How can I feed sequences of different lengths though a RNN and still have it be differentiable in Flux? (Minimal example included)

I have several matrices of several different lengths. I want to feed these matrices though a RNN using Flux, however, I haven’t been able to do so. Everything I’ve tried either uses a lot of memory during the backward pass, or gives an error when during the backward pass.

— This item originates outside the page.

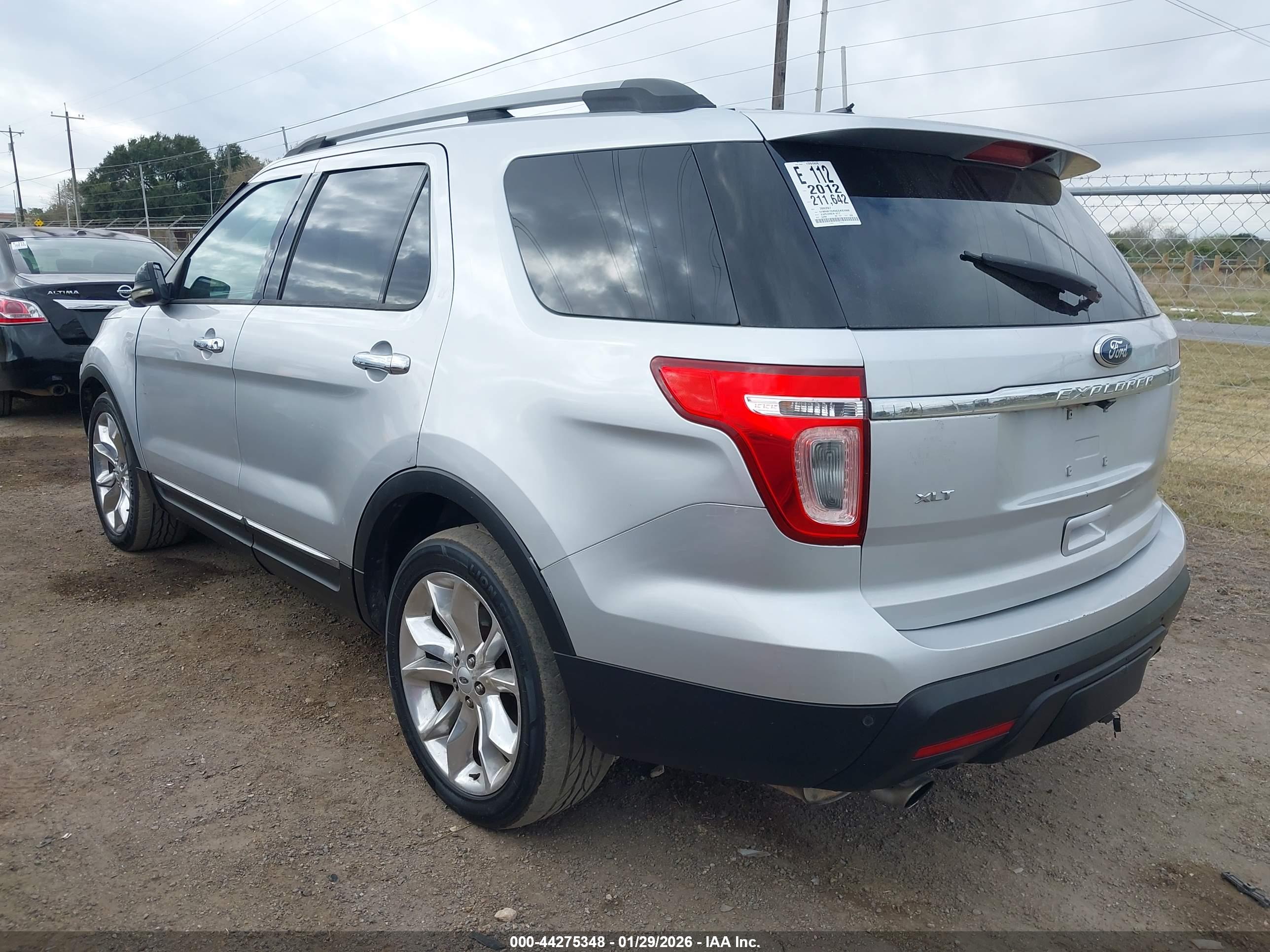 FORD EXPLORER image 3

The example below works for this small example, but my 16 gigs of ram fills up fast in my real use case, which has a 100 length input vector and a 30 length output vector.

Am I doing this right?

using Flux
using Zygote

function embed(encodings::Vector{Tuple{Int,Vector{Vector{Float32}}}}, embedder)
    embeddings = Zygote.Buffer(encodings, Tuple{Int,Vector{Float32}})
    for encoding_length in 1:maximum(e -> length(e[2]), encodings)
        of_length = filter(e -> length(e[2]) == encoding_length, encodings)
        if isempty(of_length); continue end
        Flux.reset!(embedder)
        local embedded
        for i in 1:encoding_length
            embedded = embedder(reduce(hcat, map(e -> e[2][i], of_length)))
            Zygote.@ignore @assert size(embedded, 2) == length(of_length)
        end
        for (i_embedded, i0) in enumerate(map(e -> e[1], of_length))
            embeddings[i0] = (i0, embedded[:,i_embedded])
        end
    end
    embeddings_vector = copy(embeddings)
    Zygote.@ignore @assert embeddings_vector == sort(embeddings_vector)
    embeddings_vector
end

function embed_basic(encodings::Vector{Tuple{Int,Vector{Vector{Float32}}}}, embedder)
    embeddings = Zygote.Buffer(encodings, Tuple{Int,Vector{Float32}})
    for (i, e) in encodings
        embeddings[i] = (i, embedder.(e)[end])
    end
    embeddings_vector = copy(embeddings)
    Zygote.@ignore @assert embeddings_vector == sort(embeddings_vector)
    embeddings_vector
end

function demo()
    nn = LSTM(2, 3)
    encodings = [
        (1, [[1f0, 2], [3f0, 4], [5f0, 6]]),
        (2, [[1f0, 2], [3f0, 4], [5f0, 6]]),
        (3, [[1f0, 2], [3f0, 4]]),
        (4, [[1f0, 2], [3f0, 4]]),
        (5, [[1f0, 2], [3f0, 4]])]
    @show embed_basic(encodings, nn)
    g = gradient(params(nn)) do
        e1 = embed_basic(encodings, nn)
        e2 = reduce(hcat, map(x -> x[2], e1))
        @show e2
        sum(e2)
    end
end

demo()

Note embed_basic works, but uses too much ram. embed gives an error during the backward pass, but is faster during the forward pass. The error it gives is: ERROR: LoadError: DimensionMismatch("cannot broadcast array to have fewer dimensions")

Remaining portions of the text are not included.